晩、家へ帰るのに、よく海岸通りを鉤の手に曲がり、アドゥール河へ沿って歩いたものだった。大きな木、打ち捨てられている舟、何となく散歩している人々、漂う倦怠感。あたりには、公園の性欲がさまよっていた。

バルトが嫌うのは、誰の身体でもないものから出る「死んだ反復」で、「身体に由来する反復」にバルトは快楽を感じる。その反復が、彼を愛撫し、安息させる。バルトの安息とは、そのまま享楽で、ドグマを回避したテクストの自律運動がめまぐるしく動き回るほど、バルトはますます「安らか」になる。

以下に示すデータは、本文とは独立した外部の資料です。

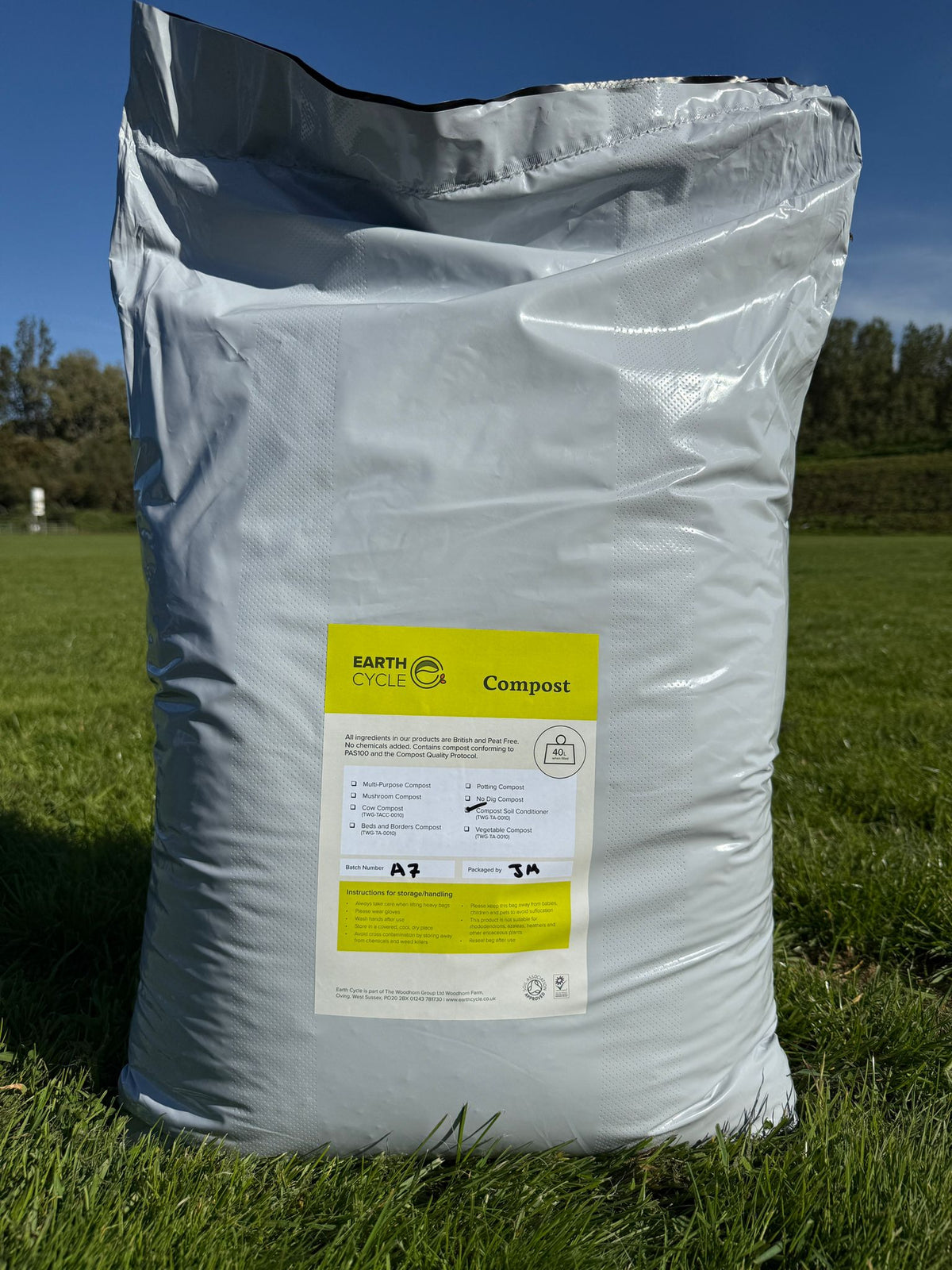 Bag of compost labeled 'Earth Cycle' on a grassy background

(以下は、なんとなく「モロイ」が言いそうなことの気もする。)

私の身体は私自身にとって、ただ、なじみぶかいふたつの形態でしか存在しない。すなわち、片頭痛と官能的欲望という形態だ。いずれも別に驚くほどの状態ではない。どころか、まことに軽いというべきか、周囲の影響で変わるような、あるいはすぐおさまる底のものだ。どちらの場合も、身体についての栄光に満ちたイメージや呪われたイメージへの期待を捨てることに決めた、その結果とでもいうような感じなのだ。片頭痛は身体的苦痛の、ほんの一段階にすぎないし、また官能性とは、通常、いわば引き取り手のない売れ残りの享楽の一種としかみなされていないものである。
 言い換えれば、私の身体は英雄ではないのだ。苦痛あるいは快楽(片頭痛もまた、ときには私のすごす一日を《愛撫》することがある)の軽やかで拡散した性格は、身体というものが私たちにとって異様な幻覚的な場所に成立するものだという事実、過激な違反の場所だという事実と、対立している。片頭痛(私はただちょっと頭が痛い場合をかなり不正確にそう呼んでいるのだ)と官能的な快楽は体感であり、何かの危険と引き換えに私自身の身体に栄光を獲得させるようなことなしに、しかも私の身体の個別性をあきらかにしてくれる役目をはたす、体感にほかならない。私の身体の、それ自身に対する演劇性は薄弱である。

ドグマ、二元論を越えたテクスト=身体の自立的運動が、そのまま「安らか」であるということ、それはたとえばある時期のジャズの、あらゆる枠をふりほどいてバラバラに細分化された粒状領域にまで突き抜けてしまおうとするときの、自分自身までをも溶解するのを願うかのような昇華的なイメージとは、ずいぶん違う。快楽を感じれば「安息」するし、そうでなければ「倦怠」する。バルトにはどちらにしても動きがない。身体からのフィードバックを強く感受しているのだろうけど、外から見たときバルトという人物自身はまるで動いてなく、その身体に何が起きているのか、外からでは判別ができない。